Frey, der Regisseur, hatte zuvor brilliert mit dem Singspiel unter dem Motto "Wenn Märchen wahr werden." Da sucht das Rotkäppchen, die Schulzine, einen Partner fürs (politische) Leben: Der linke tiefrote Gockel aber macht ihr vergeblich Avancen, der böse CSU-Wolf will ihr gerne unter die Arme greifen, das FDP-Rumpelstilzchen blitzt gleich ab, der AfD-Schlumpf nervt, die Frau-Holle-Pechmarie- und Goldmarie-Koalition verwirrt sie. Doch auch mit dem grünen Frosch wird das Rotkäppchen am Ende nicht glücklich: Er hüpft penetrant in den Vordergrund.

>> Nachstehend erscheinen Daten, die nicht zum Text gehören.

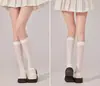Meias de Bezerro Estilo Japonês Meias JK Meias de Veludo Pretas Meias Modeladoras de Pernas Femininas Até o Meio da Panturrilha Verão Finas Brancas Meias Acima do Joelho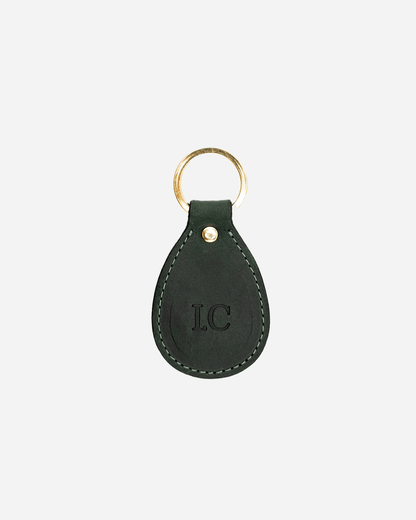 Dark Green Keychain & Cardholder (Set) - Real Leather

Yvonne Steiner, Simone Menz, Sepp Egerer, Erich Seyfried, Kerstin Egerer, Schorsch Thaller, Petra Auer, und Petra Wintersteller als Akteure hätten auch auf den "echten" Nockherberg gepasst, die Musik von Charlie Thomass funktionierte gut, das Publikum spendete reichlich Applaus. Das galt auch für die charmant-bodenständigen Zwischenspiele der "bayrischen Tenöre" oder "Truderinger Madln", die schillernden Kleeblatt Showgirls und den - etwas arg lauten - Dixie Sauhaufen. Doch am meisten gefiel den Gästen das Lokalkolorit: Als Frey den gewichtigen Franz Risch vom Truderinger Baum Festring mit Franz Josef Strauß verglich - da tobte der Saal.